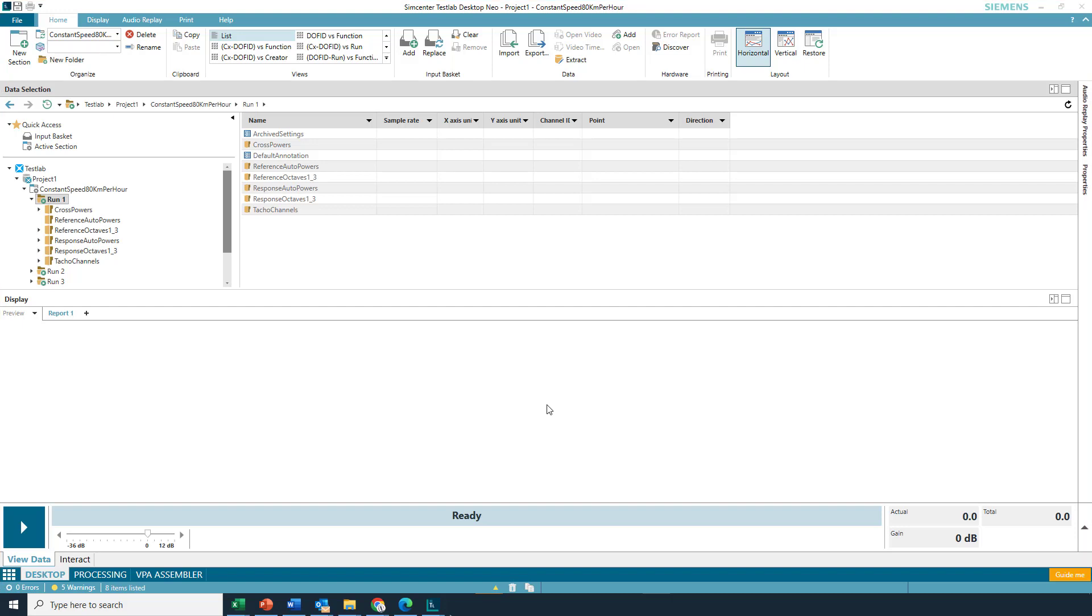Hey, Charles. Hey, Pete. Hey, have you heard about data queries in SimCenter Test Lab Neo? I have, and I want to hear more about it because I'm not sure how to use it.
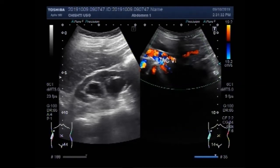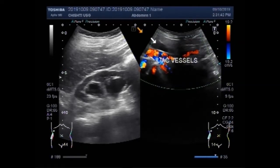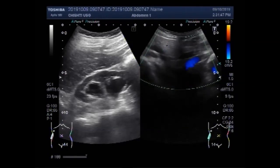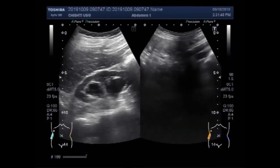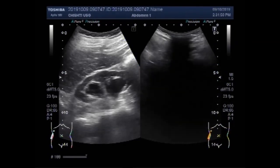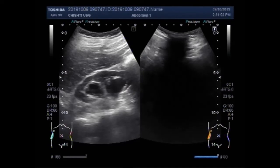These are the iliac vessels. And this is the right ureter. Again you can see the tracing of the right ureter.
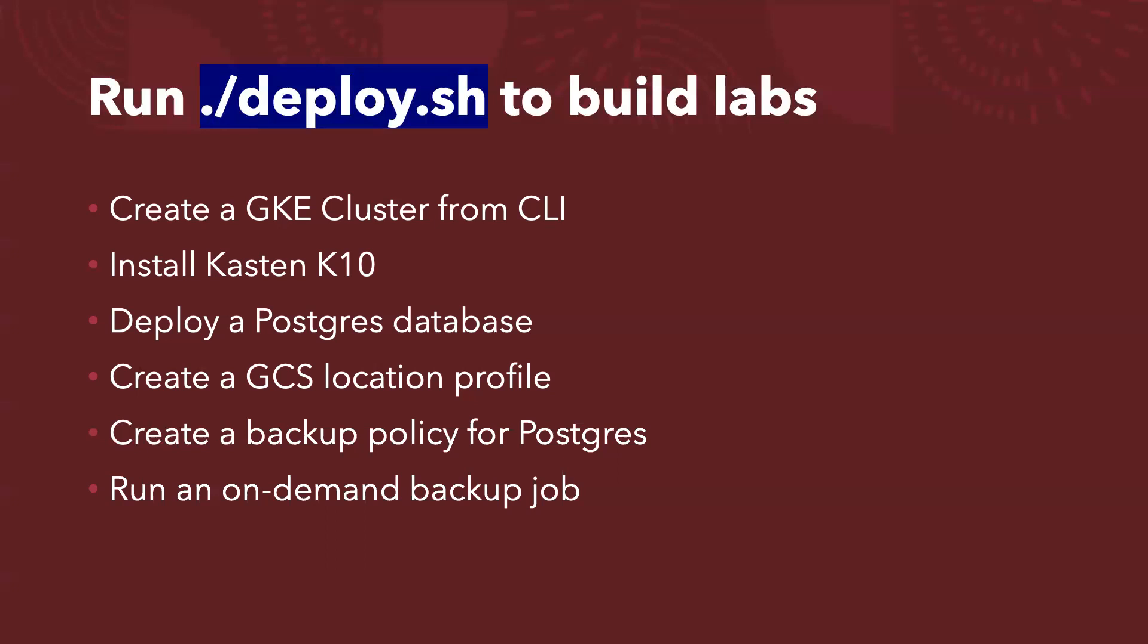So before I jump into the command to check the status of the deploy, let me just walk you through how to destroy it. So after you use the lab environment, you might demonstrate to partners or to customers. Once your job is done, you don't want to leave the cluster running, and then Google continue to charge you. So we want to destroy the whole environment.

# Work required
Without the pictures, return the listing above from its first line through the line that has "These are the".

# Solved problem
Hey, Charles. Hey, Pete. Hey, have you heard about data queries in SimCenter Test Lab Neo? I have, and I want to hear more about it because I'm not sure how to use it.
These are the iliac vessels. And this is the right ureter. Again you can see the tracing of the right ureter.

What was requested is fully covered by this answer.